Cette expérience montre que le risque de conflit augmente quand les participants sont conscients de la valeur des objets qu’ils échangent. Ainsi, la réciprocité doit être un choix de libre arbitre et non pas une dette à solder. Cependant, si au centre de l’action se trouvent des individus dotés de sympathie, ayant le pouvoir de se mettre à la place des autres, car « tout le processus dépend de l’identification d’un soi à un autrui » (Mead, 1934, cité par Boltanski & Thévenot, 1991 : 82), il faut pouvoir se former à ce processus d’identification réciproque. L’altérité et le renouvellement continu des rapports entre les hommes sont possibles si les « partenaires rivalisent de générosité » (Mauss, 1923). Cette pratique de l’altérité permettrait de développer des dimensions telles que la confiance, le regard affectif, l’unité sociale et les sentiments d’engagement (Molm, Collett & Schaefer, 2007 : 207).

Conclusion

Dans ce milieu rural colombien, deux attitudes contradictoires vis-à-vis du français langue étrangère se sont révélées. Il semblerait que la nature du métier détermine les rapports que chaque groupe entretient avec la nouvelle langue, à partir de deux constituants : la modalité de transmission des savoirs (nourrissage ou de père en fils) et la logique de l’agir social (individuelle ou collective). La première influe sur la hiérarchisation des statuts sociaux et la seconde sur l’engagement et les stratégies de réussite.
Dans le groupe des artisans céramistes, les processus d’appropriation langagière sont compris comme nécessitant un effort et un travail autonome soutenu. La valeur marchande du français et la gratuité du dispositif didactique proposé incitent les artisans céramistes à s’engager dans un processus d’appropriation de longue haleine, qui les aide d’ailleurs à surmonter des rivalités issues des tentatives de collaboration collégiale dans le cadre de projets productifs ou artistiques antérieurs. La langue française suscite leur désir individuel d’appropriation et les pousse à se réunir en dehors des cours, pour augmenter les occasions de pratique. Dans ce groupe, l’impératif de développement économique et d’ouverture culturelle trouve un public motivé.
Pour le groupe des producteurs agricoles, la langue devient une ressource certes intéressante mais les efforts en temps et en processus d’appropriation sont trop importants. Ils se désintéressent progressivement des valeurs associés au français et collectivement ils portent les actions vers de nouveaux objectifs comme la commercialisation de leurs produits dans des réseaux locaux. Même si cette renégociation des valeurs associées à la langue française, les éloigne des objectifs initiaux du projet, ils réussissent à réaffirmer leur autonomie et leur pouvoir à l’échelle locale. De cette sorte, ils deviennent plus conscients de leurs propres ressources et prennent de la distance par rapport à l’intervenant étranger.

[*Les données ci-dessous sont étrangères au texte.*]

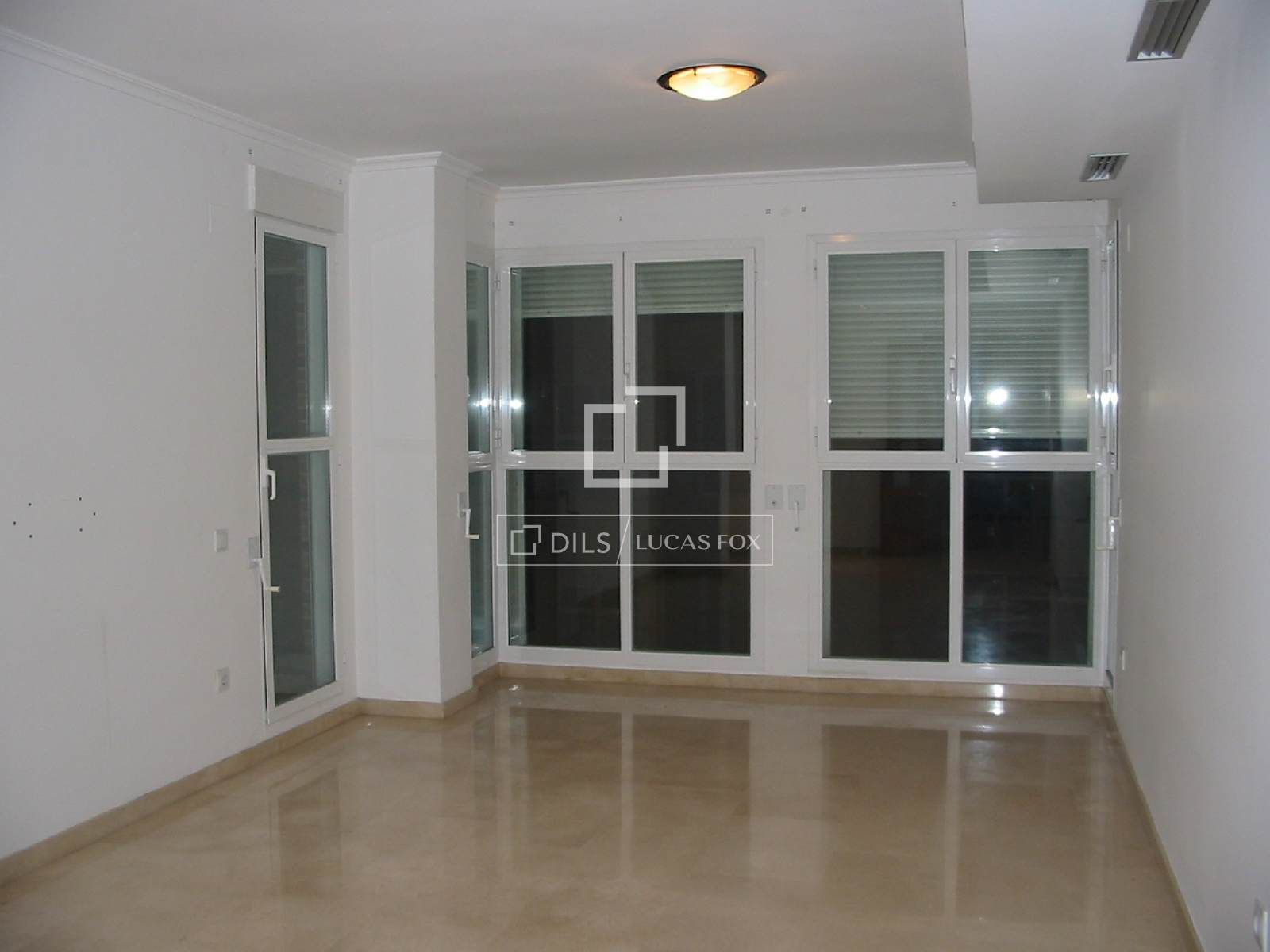 Pis de lloguer a Mestalla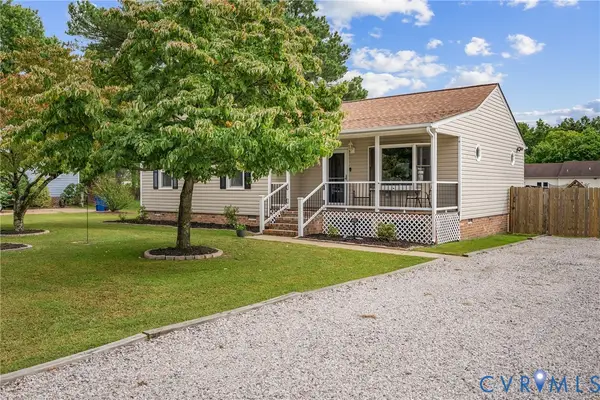 3519 East Chagford Terrace, Chester, VA 23831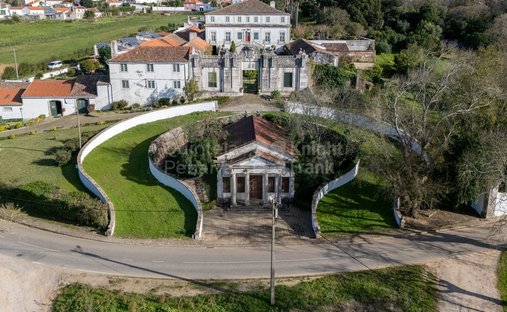Finca en Maxial, Distrito de Lisboa, Portugal 1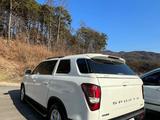 SsangYong Rexton 2022 года за 20 000 000 тг. в Астана – фото 4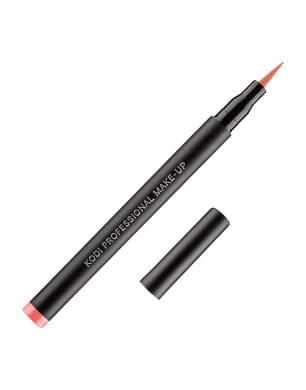Slim Eyeliner №301 (подводка-фломастер для глаз; цвет розовый)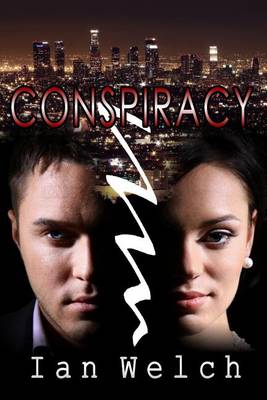 Book cover for Conspiracy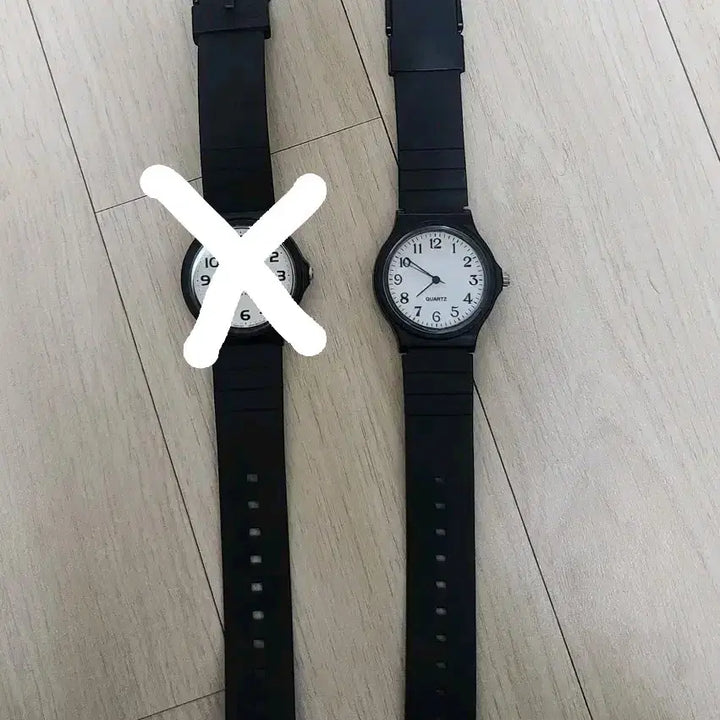 [BUNJANG] Casio Digital Watch / 카시오 수능시계 양도합니다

Du côté des futurs enseignants de langues étrangères, la tentative de création d’un marché pour la langue française dans ce contexte rural révèle la primauté de se former à la rencontre de l’altérité. En effet, dans un milieu certes périphérique mais impacté par une dynamique économique globalisée, les habitants sont au coeur des pratiques sociales nouvelles, s’ouvrant sur des identités diversifiées qui exigent, au-delà des savoirs linguistiques et des savoir-faire techniques, des savoir-être formés et conscients. Il apparait donc que le désir d’apprendre ou l’utilité supposée de la langue française dans bien des cas comme dans celui-ci, ne se suffit pas à lui-même, et doit être accompagné d’une éducation interculturelle réflexive et structurée.